According to Huntington’s Disease Association (HDA) around one in 10,000 people have Huntington's.

Participants in the Phase 3 clinical trial, will undergo lumbar punctures every 2 months for 24 months, where a sample of brain fluid will be taken for analysis, after which, a trial drug (RG6042) or a placebo will be administered into the spinal fluid.

The trial drug is an ASO (antisense oligonucleotide). This is a short strand of genetic code that will bind to the mutant Huntington gene product (mHTT). It is hoped this process will lower the active mHTT levels in the brain and therefore, hopefully slow the progression of HD, and lead to a much-improved quality of life.

11 UK sites along with 15 countries are working towards recruiting 660 patients worldwide into the study, with 50 to 60 recruits coming from the UK.

Paul Hammond and Brother Andrew Hammond
Paul Hammond and Brother Andrew Hammond
Speaking this week, the UK’s first trialist in the study, 63 year old Paul Hammond said:

“It's really exciting to be involved in the study. I have known for around a year and a half that this treatment was on the way. My brother sent me the details of the study after seeing it on the news, so I spoke to my GP and he got me involved with the trial.

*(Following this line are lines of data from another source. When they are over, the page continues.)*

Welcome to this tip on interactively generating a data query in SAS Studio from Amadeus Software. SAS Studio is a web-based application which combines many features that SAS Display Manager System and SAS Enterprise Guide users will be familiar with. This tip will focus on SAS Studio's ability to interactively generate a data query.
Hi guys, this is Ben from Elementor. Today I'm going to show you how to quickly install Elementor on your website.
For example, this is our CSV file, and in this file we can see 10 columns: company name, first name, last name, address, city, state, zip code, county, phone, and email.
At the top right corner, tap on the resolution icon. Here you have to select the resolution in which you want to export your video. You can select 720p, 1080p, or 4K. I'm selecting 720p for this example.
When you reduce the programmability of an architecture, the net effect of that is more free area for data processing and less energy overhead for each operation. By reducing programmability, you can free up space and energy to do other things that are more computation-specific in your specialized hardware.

“My mum suffered from Huntington's Disease, and I found out in my 40’s that I was going to get sick. Now there is treatment on trial, it brings me hope, and it changes a lot of things for my family.

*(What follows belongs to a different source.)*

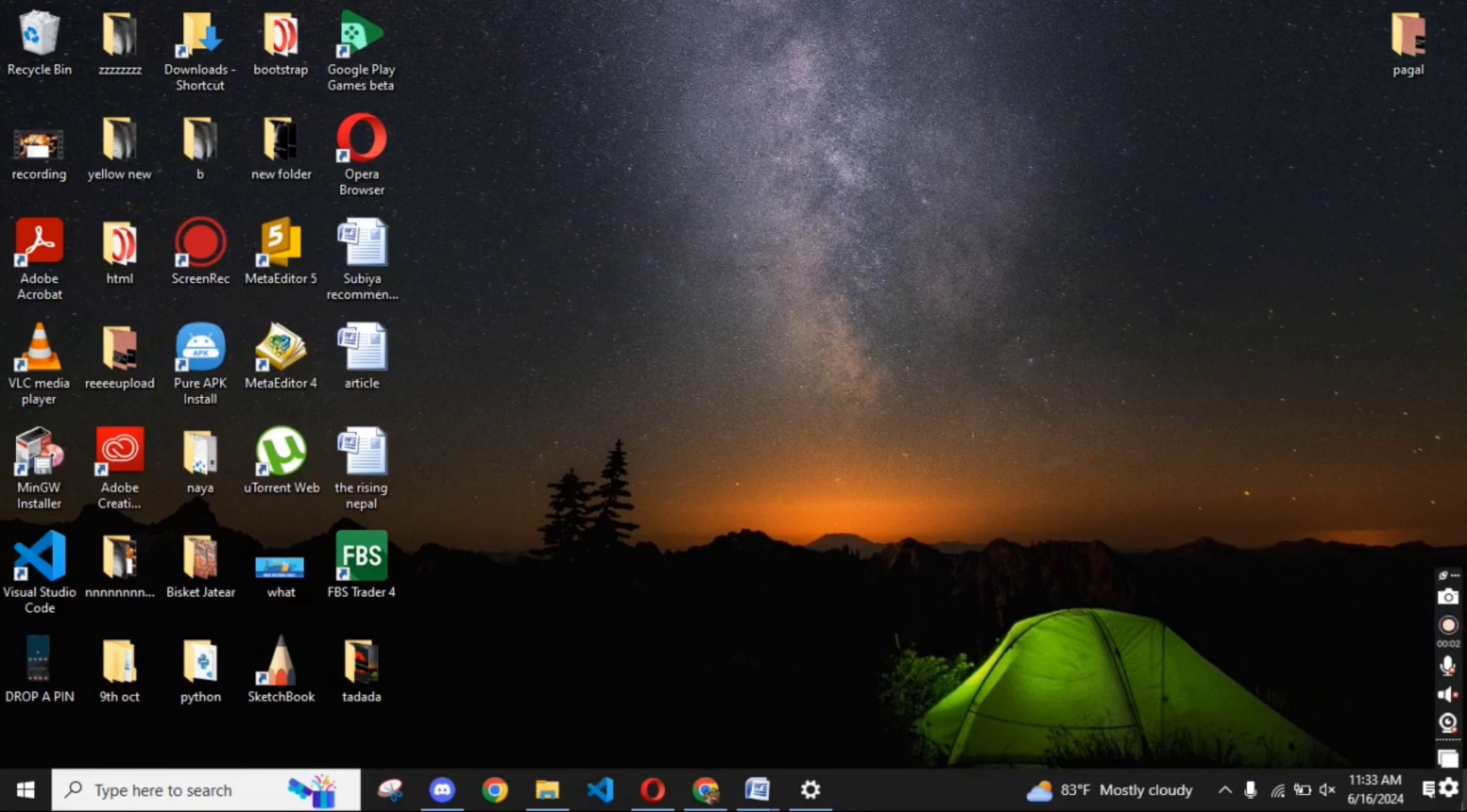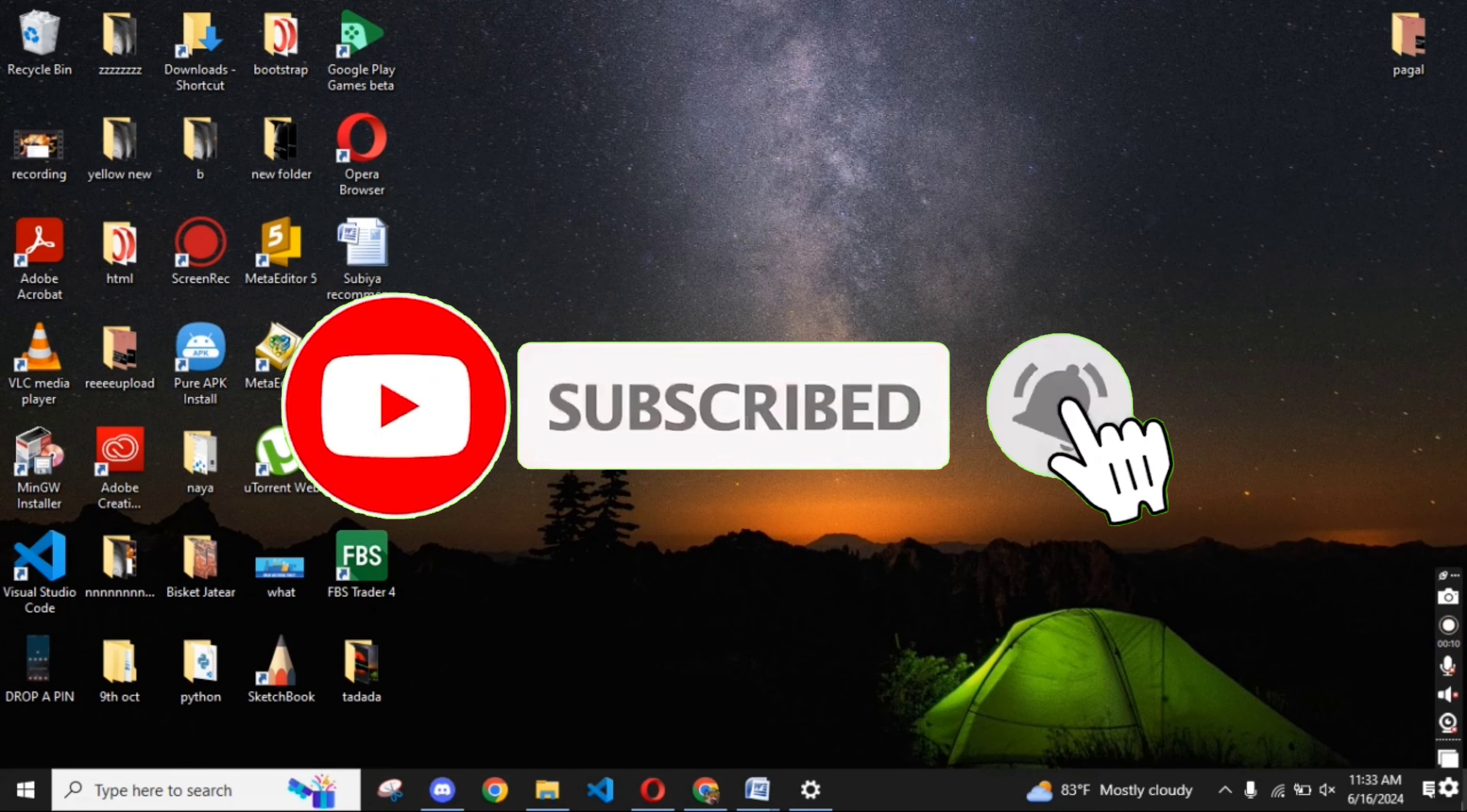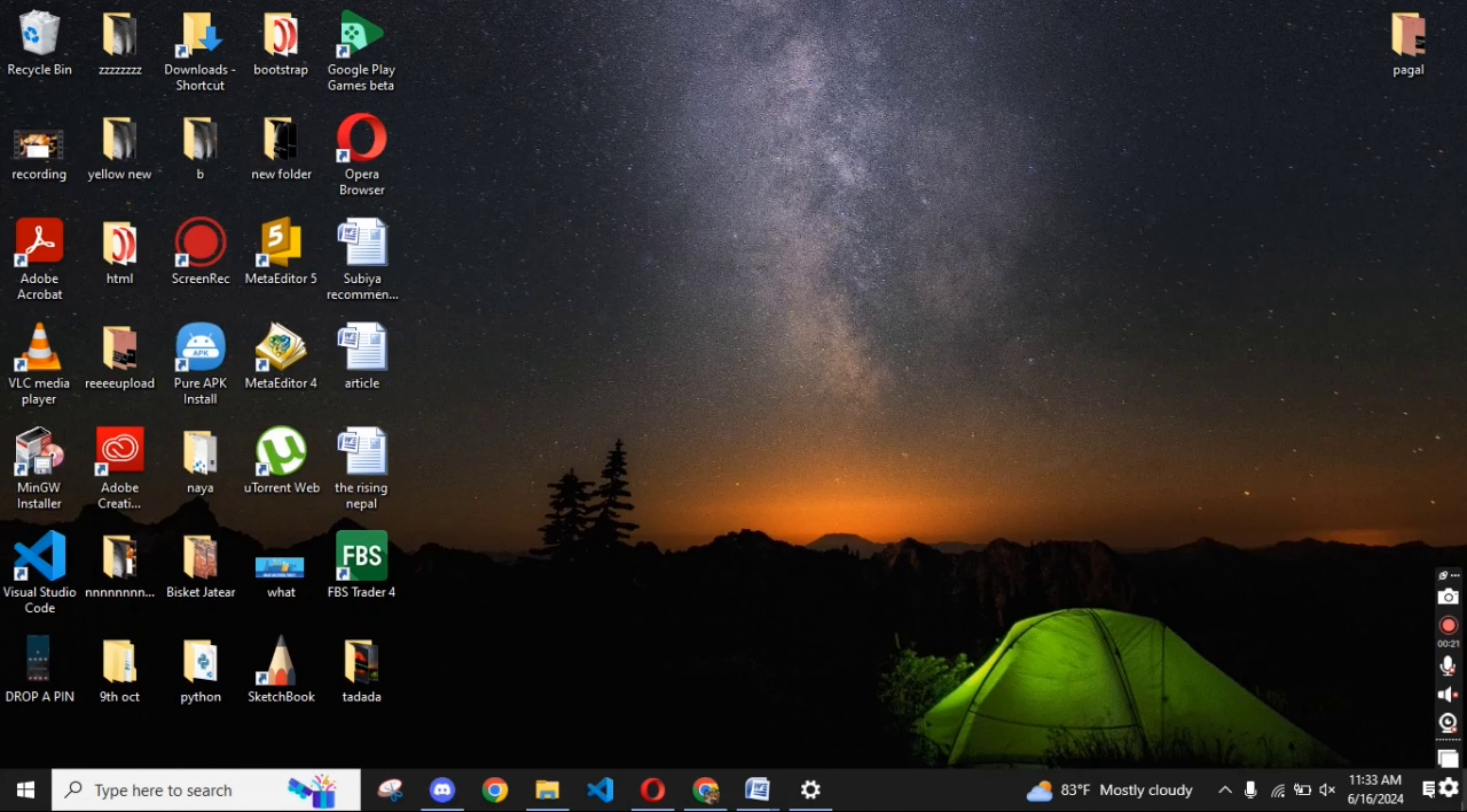If you have any thoughts or queries, let us know in the comments section. Don't forget to subscribe to our channel. Also, press the notification bell icon so that YouTube will notify you whenever we post a new video. I hope this video was helpful to you. Thank you so much for watching.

“I have two daughters in their 20’s, with one who has started a family of their own, and I feel now that I don't have to worry about their future due to this study.”

Co-ordinating the study at Leeds Teaching Hospitals NHS Trust, Callum Schofield, Genetics Research Practitioner, said:

“Generation-HD1 is the culmination of years of hard work for our HD team here in Leeds.

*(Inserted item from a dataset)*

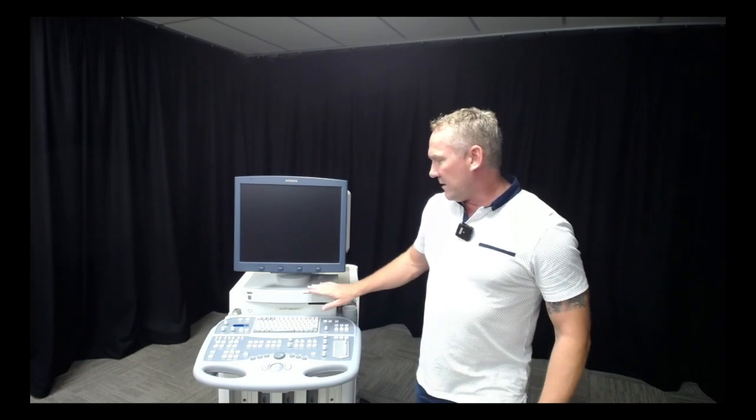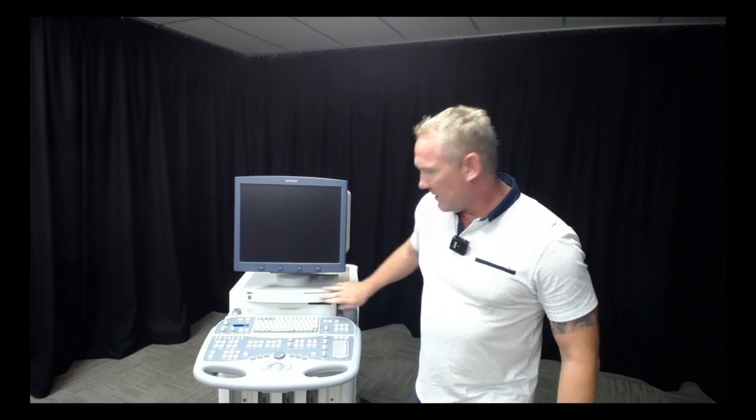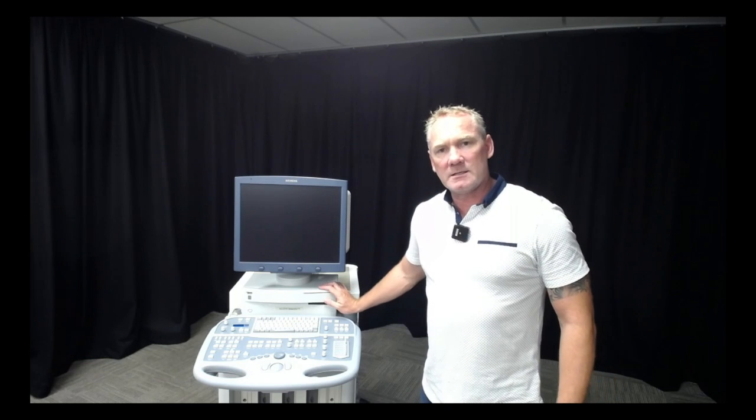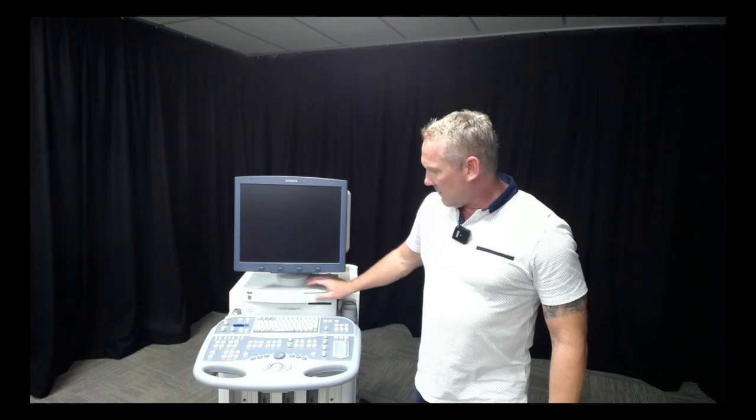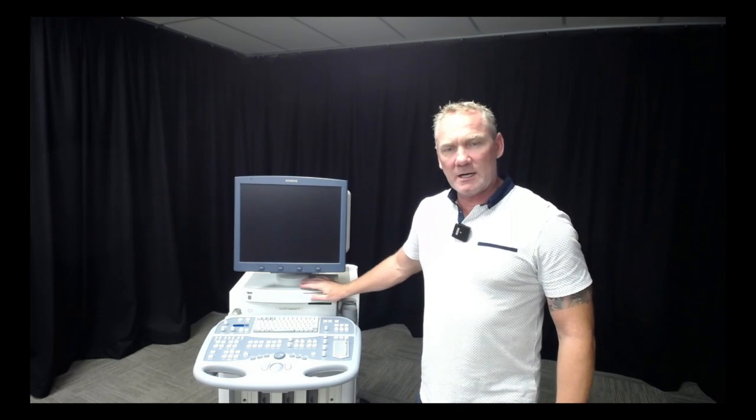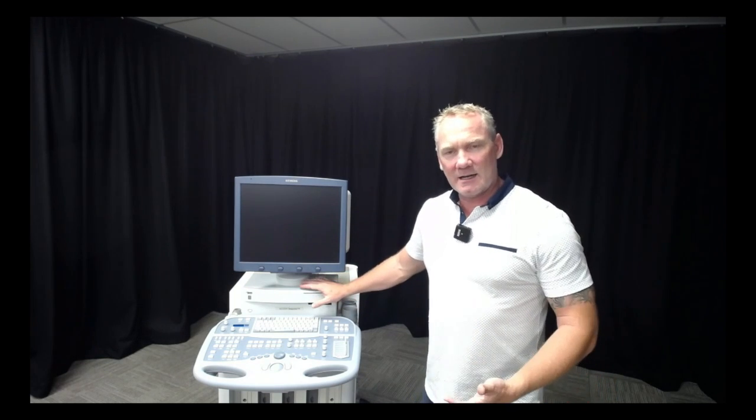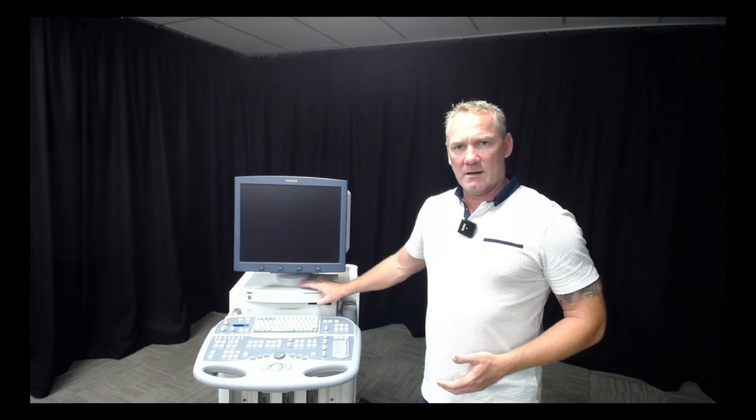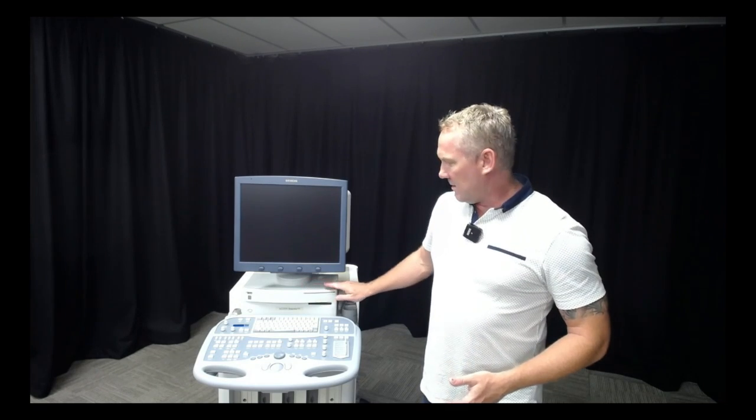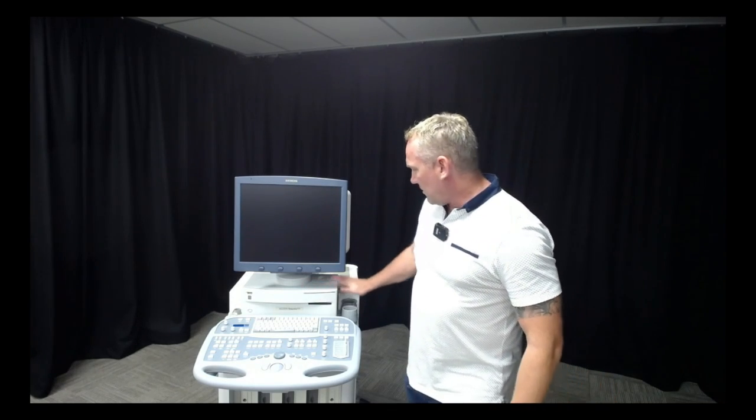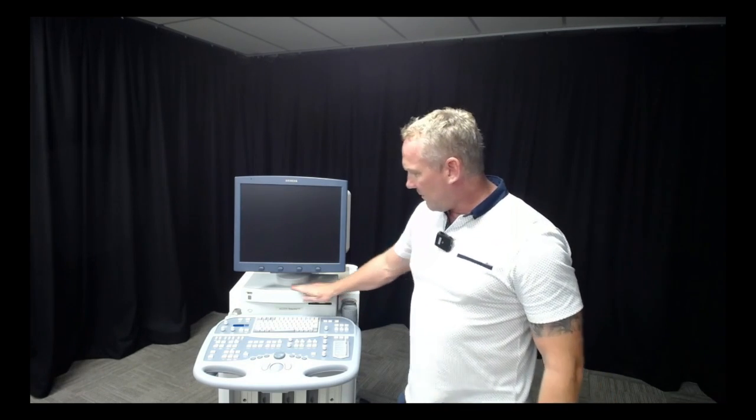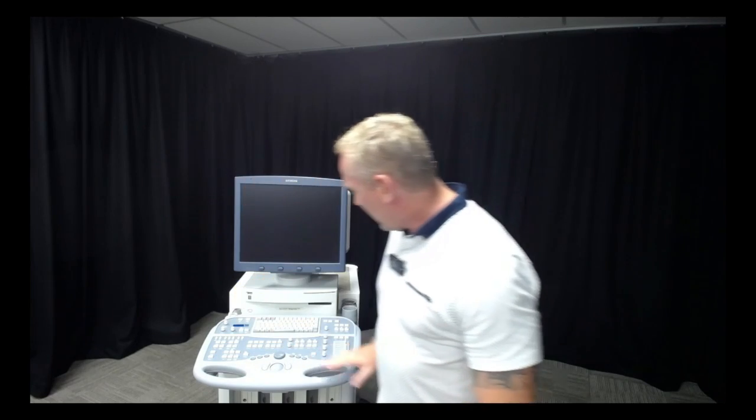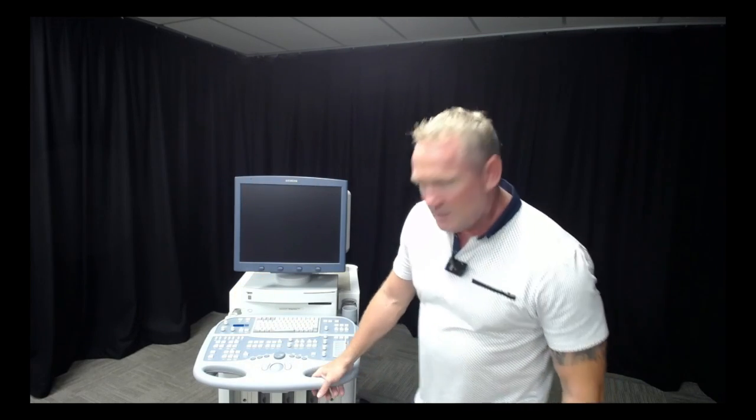You end up with adhesive residue on the machine that doesn't get cleaned off properly, which makes it a yucky spot. I've taken all that off and polished the machine up. I paid particular attention underneath where the console goes up and down.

“It is a hugely ambitious inter-departmental effort, bringing together staff from across the Trust to work on what may be one of the definitive studies in the field of HD research.

“Obviously there is a long way to go yet, but we’re hopeful that this research can finally offer real, tangible hope to our HD families here in Yorkshire, and the HD community as a whole.

“Of course many people will not be able to take part in this research, as the scope for prospective participants is incredibly narrow, but it is important to note that this drug is being tested by other people on their behalf, indeed on behalf of the entire HD community.

“We are exceptionally grateful for our wonderful patients going into this trial, this wouldn’t be possible without them.”